What to produce: As you work through the listing, transcribe every line exactly as it reads.

Material provided:

____________________

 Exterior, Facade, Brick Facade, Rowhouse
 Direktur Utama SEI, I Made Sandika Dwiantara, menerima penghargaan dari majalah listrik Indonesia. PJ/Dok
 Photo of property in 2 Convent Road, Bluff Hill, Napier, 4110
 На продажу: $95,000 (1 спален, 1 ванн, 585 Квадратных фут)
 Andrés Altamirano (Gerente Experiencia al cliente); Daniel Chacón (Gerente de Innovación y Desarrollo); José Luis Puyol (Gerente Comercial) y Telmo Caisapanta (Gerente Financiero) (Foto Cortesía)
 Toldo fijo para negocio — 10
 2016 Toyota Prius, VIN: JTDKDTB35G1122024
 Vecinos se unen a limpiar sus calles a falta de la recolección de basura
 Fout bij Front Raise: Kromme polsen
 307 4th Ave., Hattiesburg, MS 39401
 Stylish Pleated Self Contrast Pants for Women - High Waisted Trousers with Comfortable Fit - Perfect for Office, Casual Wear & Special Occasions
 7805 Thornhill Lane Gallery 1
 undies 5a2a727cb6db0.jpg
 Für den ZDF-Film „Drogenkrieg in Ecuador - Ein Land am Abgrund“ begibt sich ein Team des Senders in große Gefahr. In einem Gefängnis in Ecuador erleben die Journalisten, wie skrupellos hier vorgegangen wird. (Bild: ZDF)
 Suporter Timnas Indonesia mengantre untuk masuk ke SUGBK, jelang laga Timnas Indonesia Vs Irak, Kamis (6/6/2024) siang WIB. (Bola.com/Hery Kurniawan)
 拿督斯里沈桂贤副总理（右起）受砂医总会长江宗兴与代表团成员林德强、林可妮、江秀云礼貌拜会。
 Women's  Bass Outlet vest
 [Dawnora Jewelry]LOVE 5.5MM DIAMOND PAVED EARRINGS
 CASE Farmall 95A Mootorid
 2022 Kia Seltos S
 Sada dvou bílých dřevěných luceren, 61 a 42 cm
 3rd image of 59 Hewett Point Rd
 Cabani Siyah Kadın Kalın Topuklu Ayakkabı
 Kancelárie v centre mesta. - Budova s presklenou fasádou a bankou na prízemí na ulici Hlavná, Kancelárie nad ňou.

____________________

Result of the exercise:
 Exterior, Facade, Brick Facade, Rowhouse
 Direktur Utama SEI, I Made Sandika Dwiantara, menerima penghargaan dari majalah listrik Indonesia. PJ/Dok
 Photo of property in 2 Convent Road, Bluff Hill, Napier, 4110
 На продажу: $95,000 (1 спален, 1 ванн, 585 Квадратных фут)
 Andrés Altamirano (Gerente Experiencia al cliente); Daniel Chacón (Gerente de Innovación y Desarrollo); José Luis Puyol (Gerente Comercial) y Telmo Caisapanta (Gerente Financiero) (Foto Cortesía)
 Toldo fijo para negocio — 10
 2016 Toyota Prius, VIN: JTDKDTB35G1122024
 Vecinos se unen a limpiar sus calles a falta de la recolección de basura
 Fout bij Front Raise: Kromme polsen
 307 4th Ave., Hattiesburg, MS 39401
 Stylish Pleated Self Contrast Pants for Women - High Waisted Trousers with Comfortable Fit - Perfect for Office, Casual Wear & Special Occasions
 7805 Thornhill Lane Gallery 1
 undies 5a2a727cb6db0.jpg
 Für den ZDF-Film „Drogenkrieg in Ecuador - Ein Land am Abgrund“ begibt sich ein Team des Senders in große Gefahr. In einem Gefängnis in Ecuador erleben die Journalisten, wie skrupellos hier vorgegangen wird. (Bild: ZDF)
 Suporter Timnas Indonesia mengantre untuk masuk ke SUGBK, jelang laga Timnas Indonesia Vs Irak, Kamis (6/6/2024) siang WIB. (Bola.com/Hery Kurniawan)
 拿督斯里沈桂贤副总理（右起）受砂医总会长江宗兴与代表团成员林德强、林可妮、江秀云礼貌拜会。
 Women's  Bass Outlet vest
 [Dawnora Jewelry]LOVE 5.5MM DIAMOND PAVED EARRINGS
 CASE Farmall 95A Mootorid
 2022 Kia Seltos S
 Sada dvou bílých dřevěných luceren, 61 a 42 cm
 3rd image of 59 Hewett Point Rd
 Cabani Siyah Kadın Kalın Topuklu Ayakkabı
 Kancelárie v centre mesta. - Budova s presklenou fasádou a bankou na prízemí na ulici Hlavná, Kancelárie nad ňou.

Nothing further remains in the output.